Nothing new - as always in this course: \(\eta_i={\bf x}_i^T \mathbf{\beta}\), and we require that the \(n \times p\) design matrix \({\bf X}=({\bf x}_1^T, {\bf x}_2^T,\ldots, {\bf x}_n^T)\) has full rank (which is \(p\)).
Remark: in this course we always assume that \(n>>p\).
Link function \[\eta_i=g(\mu_i)\]
Response function \[\mu_i=h(\eta_i)\]
random component | response function and link function |
---|---|
normal | \(h(\eta_i) = \eta_i\) and \(g(\mu_i) = \mu_i\), “identity link”. |
binomial | \(h(\eta_i) = \frac{e^{\eta_i}}{1+e^{\eta_i}}\) and \(g(\mu_i) = \ln \left(\frac{\mu_i}{1-\mu_i} \right) = \text{logit}(p_i)\). NB: \(\mu_i = p_i\) in our set-up. |
Poisson | \(h(\eta_i) = \exp(\eta_i)\) and \(g(\mu_i) = \ln(\mu_i)\), log-link. |
gamma | \(h(\eta_i) = -\frac{1}{\eta_i}\) and \(g(\mu_i) = -\frac{1}{\mu_i}\), negative inverse, or \(h(\eta_i) = \exp(\eta_i)\) and \(g(\mu_i) = \ln(\mu_i)\), log-ink. |
\[\eta_i=\theta_i\] so \[g(\mu_i)=\theta_i\] When the canonical link is used some of the results for the GLM (to be studied in the next sections) are simplified.
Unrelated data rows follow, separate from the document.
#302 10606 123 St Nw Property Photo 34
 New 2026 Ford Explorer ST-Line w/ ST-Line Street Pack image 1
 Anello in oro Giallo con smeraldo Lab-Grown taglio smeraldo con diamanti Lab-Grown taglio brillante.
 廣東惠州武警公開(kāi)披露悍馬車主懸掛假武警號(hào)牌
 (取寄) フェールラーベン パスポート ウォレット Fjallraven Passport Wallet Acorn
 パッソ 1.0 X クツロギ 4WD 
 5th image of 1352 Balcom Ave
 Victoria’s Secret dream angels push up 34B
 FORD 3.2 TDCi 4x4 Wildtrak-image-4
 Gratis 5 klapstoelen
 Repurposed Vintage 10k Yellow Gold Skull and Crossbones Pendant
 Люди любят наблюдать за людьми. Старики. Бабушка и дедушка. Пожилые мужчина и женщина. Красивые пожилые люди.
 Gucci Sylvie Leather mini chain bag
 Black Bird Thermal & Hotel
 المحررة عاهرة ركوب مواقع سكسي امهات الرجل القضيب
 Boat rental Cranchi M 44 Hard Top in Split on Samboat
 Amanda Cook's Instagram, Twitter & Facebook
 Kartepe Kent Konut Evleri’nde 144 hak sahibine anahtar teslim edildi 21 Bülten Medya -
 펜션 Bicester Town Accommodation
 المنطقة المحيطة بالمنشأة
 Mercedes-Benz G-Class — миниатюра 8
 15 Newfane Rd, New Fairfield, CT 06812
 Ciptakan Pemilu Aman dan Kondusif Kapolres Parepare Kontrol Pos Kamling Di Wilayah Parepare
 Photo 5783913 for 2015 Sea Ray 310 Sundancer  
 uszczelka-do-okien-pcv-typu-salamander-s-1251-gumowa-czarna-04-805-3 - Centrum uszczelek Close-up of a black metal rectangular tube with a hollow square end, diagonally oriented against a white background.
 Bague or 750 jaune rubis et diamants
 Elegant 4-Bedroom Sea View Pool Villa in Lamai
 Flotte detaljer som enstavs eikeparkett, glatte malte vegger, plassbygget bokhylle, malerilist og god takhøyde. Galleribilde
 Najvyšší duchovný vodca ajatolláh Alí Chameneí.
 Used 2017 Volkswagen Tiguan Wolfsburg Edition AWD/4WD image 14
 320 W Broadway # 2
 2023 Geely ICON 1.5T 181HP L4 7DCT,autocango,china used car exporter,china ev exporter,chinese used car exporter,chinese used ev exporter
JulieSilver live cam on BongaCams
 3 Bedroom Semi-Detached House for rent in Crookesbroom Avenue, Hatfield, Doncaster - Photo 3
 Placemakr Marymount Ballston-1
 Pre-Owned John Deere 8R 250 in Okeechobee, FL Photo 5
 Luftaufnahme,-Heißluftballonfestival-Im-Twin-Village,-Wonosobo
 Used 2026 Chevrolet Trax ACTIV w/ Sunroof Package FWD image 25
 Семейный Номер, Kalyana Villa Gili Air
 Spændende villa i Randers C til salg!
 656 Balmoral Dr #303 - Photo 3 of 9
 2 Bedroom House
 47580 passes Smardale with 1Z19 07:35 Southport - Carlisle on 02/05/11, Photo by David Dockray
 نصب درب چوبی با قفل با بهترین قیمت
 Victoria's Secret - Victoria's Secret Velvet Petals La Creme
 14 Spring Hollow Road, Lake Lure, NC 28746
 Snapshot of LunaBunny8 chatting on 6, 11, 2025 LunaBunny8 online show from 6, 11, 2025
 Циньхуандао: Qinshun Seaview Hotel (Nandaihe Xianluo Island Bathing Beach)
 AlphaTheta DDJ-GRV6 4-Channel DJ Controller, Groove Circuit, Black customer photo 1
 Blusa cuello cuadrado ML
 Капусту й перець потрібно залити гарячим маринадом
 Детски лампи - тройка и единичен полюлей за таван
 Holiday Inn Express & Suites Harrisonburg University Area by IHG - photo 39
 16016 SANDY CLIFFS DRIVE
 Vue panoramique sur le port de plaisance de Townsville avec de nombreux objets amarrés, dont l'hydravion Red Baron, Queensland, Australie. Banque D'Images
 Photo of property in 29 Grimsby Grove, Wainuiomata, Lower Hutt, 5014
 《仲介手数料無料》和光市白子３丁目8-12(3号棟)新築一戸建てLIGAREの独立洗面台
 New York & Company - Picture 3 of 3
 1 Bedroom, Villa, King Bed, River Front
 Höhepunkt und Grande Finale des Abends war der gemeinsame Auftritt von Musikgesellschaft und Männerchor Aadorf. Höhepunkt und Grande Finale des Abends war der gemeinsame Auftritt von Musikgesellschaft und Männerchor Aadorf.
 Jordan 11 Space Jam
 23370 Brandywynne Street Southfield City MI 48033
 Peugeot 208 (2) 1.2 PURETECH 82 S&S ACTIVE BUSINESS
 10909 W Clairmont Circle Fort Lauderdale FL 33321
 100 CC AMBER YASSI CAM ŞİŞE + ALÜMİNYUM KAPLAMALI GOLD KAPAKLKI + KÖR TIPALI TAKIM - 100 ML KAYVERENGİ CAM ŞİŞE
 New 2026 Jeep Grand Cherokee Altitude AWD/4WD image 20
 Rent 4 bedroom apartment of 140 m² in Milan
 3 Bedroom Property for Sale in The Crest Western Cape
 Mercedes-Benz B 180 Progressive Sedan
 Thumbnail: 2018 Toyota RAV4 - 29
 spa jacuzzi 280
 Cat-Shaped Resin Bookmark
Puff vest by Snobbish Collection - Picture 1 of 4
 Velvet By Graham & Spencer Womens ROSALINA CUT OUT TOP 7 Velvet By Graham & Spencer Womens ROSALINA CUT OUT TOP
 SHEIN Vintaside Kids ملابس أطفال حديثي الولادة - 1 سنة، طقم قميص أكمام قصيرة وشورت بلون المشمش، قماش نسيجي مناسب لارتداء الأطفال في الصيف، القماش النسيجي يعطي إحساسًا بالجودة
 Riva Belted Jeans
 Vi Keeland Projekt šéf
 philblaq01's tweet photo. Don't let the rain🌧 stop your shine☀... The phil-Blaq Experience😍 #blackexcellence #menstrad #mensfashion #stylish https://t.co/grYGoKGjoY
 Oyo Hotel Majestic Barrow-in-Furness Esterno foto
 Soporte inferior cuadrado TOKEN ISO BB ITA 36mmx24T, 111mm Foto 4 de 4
\(\theta_i\leftrightarrow \mu_i\leftrightarrow \eta_i \leftrightarrow \mathbf{\beta}\)
A more informative drawing made in class.
See class notes or Fahrmeir et al (2015), Section 5.8.2 for the derivation of the loglikelihood, score and expected Fisher information matrix.
\[l(\beta)=\sum_{i=1}^n l_i(\beta)=\sum_{i=1}^n\frac{1}{\phi}(y_i\theta_i-b(\theta_i))w_i+\sum_{i=1}^n c(y_i,\phi,w_i)\]
Remark: the part of the loglikelihood involving both the data and the parameter of interest is for a canonical link equal to
\[\sum_{i=1}^n y_i \theta_i=\sum_{i=1}^n y_i {\bf x}_i^T\beta=\sum_{i=1}^n y_i \sum_{j=1}^p x_{ij}\beta_j=\sum_{j=1}^p \beta_j \sum_{i=1}^n y_i x_{ij}\]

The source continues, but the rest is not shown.